A person who does not know his or her identity will not do anything worthwhile in life. Such a person cannot and will not amount to much. How can you get something done if you don’t even know that you can do it? How can you affect people’s lives with your songs, when you have yet to realize that you can sing?

If you don’t know your weaknesses, how do you avoid them? If you don’t know your limits, how would you know where and when to stop and sit back? For instance, if you don’t know that you are strong enough to lift up a bag of cement, you will never get around to lifting it. If you don’t know who you are, those who have discovered their identity will easily kick you about.
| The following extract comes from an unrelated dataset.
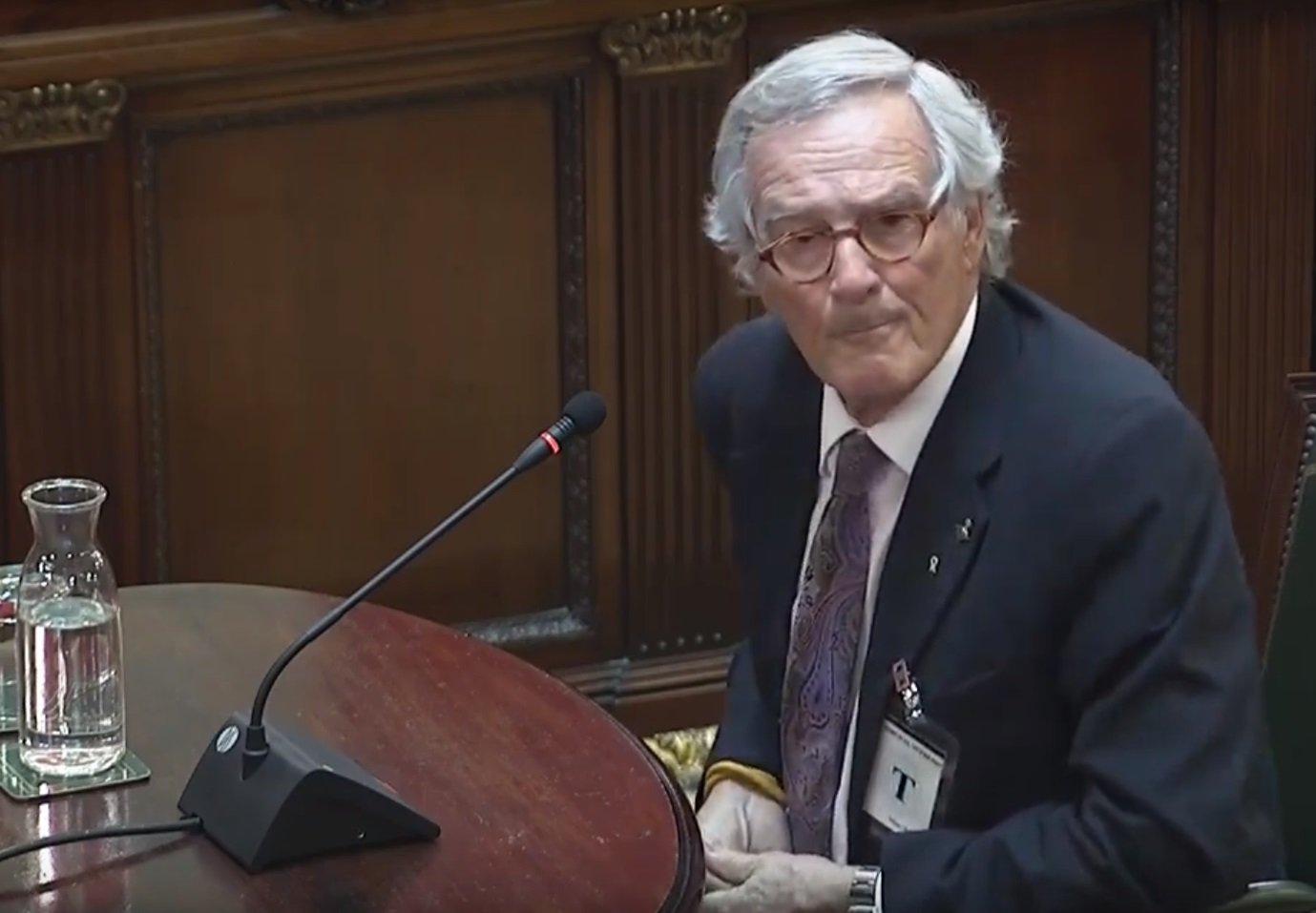 Trias: "És una barbaritat! Com es poden deixar armes dins? A qui ho hagi fet li caurà un paquet"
I ask you again, what is your identity? Who do your friends and colleagues know you as? If someone were to make enquiries about you at your workplace or in your neighborhood, what report would your co-workers and neighbors give about you? Can people refer to you as a man or woman of good repute even in your absence? Can your works speak for you? What mark have you left on your family, friends, community etc?
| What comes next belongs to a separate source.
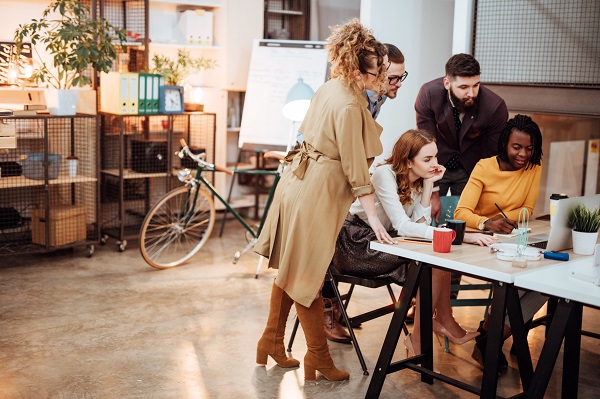 group of hr people in a meeting for tech hiring agency in dubai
Do you affect the people around you positively or negatively? Do you make people’s lives easier or are you a burden? Are you someone whose absence would be felt? Remember that if your presence does not add value to people, your absence would make no difference. What are your strengths, your weaknesses, your capabilities, and your limitations? What are your talents? What is your skill set? What are your natural abilities and endowments? Just what exactly is it that you can do?

Dorcas’ works spoke for her. The widows gave a favorable report about her. The Bible even described her as “a woman of charitable works” in Acts 9:36. Ahab was described as “a king who did evil in the sight of the Lord above all that were before him” (1 kings 16:30). David was said to be “a man after God’s heart” (1 Sam 13:14). Job was referred to as “a perfect and upright man, one who fear God and eschewed evil” in the book of Job 1:1. Noah was written of as “a just man, perfect in his generation and he walked with God” (Gen 6:9).
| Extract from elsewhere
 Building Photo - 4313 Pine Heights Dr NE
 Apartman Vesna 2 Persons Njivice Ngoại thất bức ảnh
There are several of such reports in the Bible, some good and some bad. We know these men and women from their respective reports. These reports succinctly tell us about the lives and times of these people. Now, supposing a book is written about your life, what would be in it? How would you be portrayed? How would you be described? I ask you again, who exactly are you?

Who do you say you are? Who do men say you are? Who does God say you are? May I point out that God’s report about you is the most important and valid one. He knows you more than you could possibly know yourself – He created you after all.

Two very important questions you need to answer, do you know who you are? Do you know who God says you are? Who God says you are is your true identity – recognize it. As respected philosopher Aristotle once sagely said, “Knowing yourself is the beginning of wisdom”.

So you’re probably wondering how to discover who you are, right? I’ll tell you how. The best and most certain way is by praying. This entails asking the creator of all things – yourself included – to reveal to you who you are. You can ask God to reveal to you who he created you to be. The Holy Spirit will reveal who you are meant to be if only you can ask Him in prayer and then listen when He speaks.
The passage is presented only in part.